While Inter's early Champions League exit aided their Scudetto charge this term, the club and their fans are craving European delight.
Only twice since Mourinho's treble-winning campaign – before a six-season Champions League absence – have Inter made it out of the group stage of Europe's elite club competition.
Inter legend Walter Zenga – regarded as one of the greatest goalkeepers of all time having amassed 473 appearances for the Italian powerhouse – recently told Stats Perform News: "In Europe you play different. In the Champions League you play totally different, in the Champions League it looks like no tactics, only who is stronger.
"We are thinking about tactics all the time [in Italy] and this is our mentality. If you see the game of the Italian league, it is a very strong game, if you think that is boring, in the stands it is not boring because if you are involved, you have to take an aspirin after the game because it's so strong. If you see the Spanish league, it looks like they play slow, but when you play against the Spanish teams, [sometimes] you don't touch the ball because you don't know where they are.
"In Germany or in France, it is less interesting the season, then when you play against them in in Champions League, you have to make a big effort because you're thinking, 'Oh in Germany there are only two teams, Bayern and Borussia Dortmund, it is not competitive championship' and then when you play against them, you see it is so strong.
"So it's a question about the mentality and everything. To win in Europe in my opinion, you have to play to win. And probably you find either the clubs like Paris Saint-Germain and Manchester City, like this team that if you read the line-up specially at the top… the talent and the quality, class is the difference in Europe. I don't know what is in the mind of Conte or of the management of Inter, but in Europe, I think that you need the world-class players."
Time to farewell Handanovic?
With four games remaining, Inter – 13 points clear atop the table – have matched their points (82) and clean sheets (14) totals for the whole of last season, when they finished a point behind Juventus.
Inter have the stingiest defence in the league, having only conceded 29 goals in 34 matches so far.
Samir Handanovic – a loyal Inter servant – has contributed greatly with 14 clean sheets but the long-serving goalkeeper appears on the decline.
Errors have crept into Handanovic's game during the backend of this season. The 36-year-old, who joined from Udinese in 2012, has three errors leading to goals, compared to just one last term.
Among the goalkeepers for the top seven clubs in the league in 2020-21, only Roma's Pau Lopez recorded more (four). For comparison, Milan star Gianluigi Donnarumma (two) and Juventus' Wojciech Szczesny (one) are next on the list – Napoli's David Ospina, Lazio shot-stopper Pepe Reina, Atalanta's Pierluigi Gollini and reported Inter target Juan Musso of Udinese have none to their name.

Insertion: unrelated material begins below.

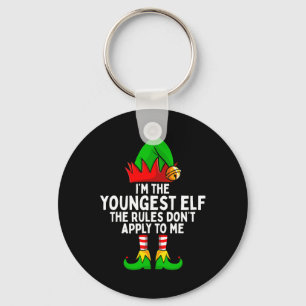 I'm The Youngest Elf Matching Family Christmas Key Ring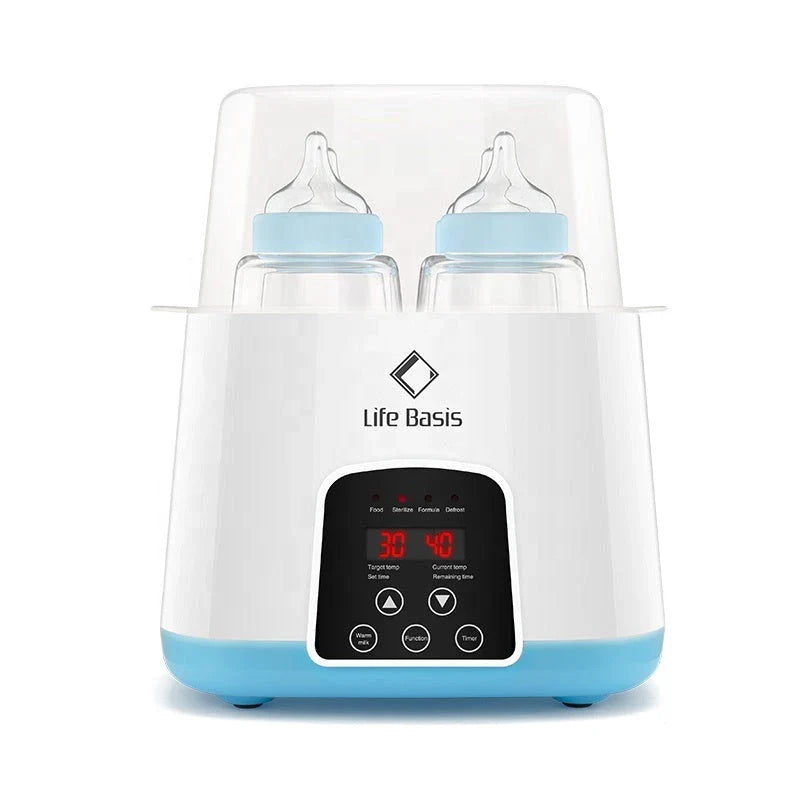 Automatic baby bottle warmer with multi-function heating and sterilizing capabilities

Among that same list, Handanovic has conceded the highest number of goals outside of the penalty area (five), while his three dropped shots are only exceeded by Donnarumma and Reina (both four). In 2019-20, Handanovic finished with only three goals conceded outside the box and three drops.
Musso has emerged as a strong option for Inter and if they want to take the next step in Europe while fending off a domestic challenge, it may be time to move on from Handanovic.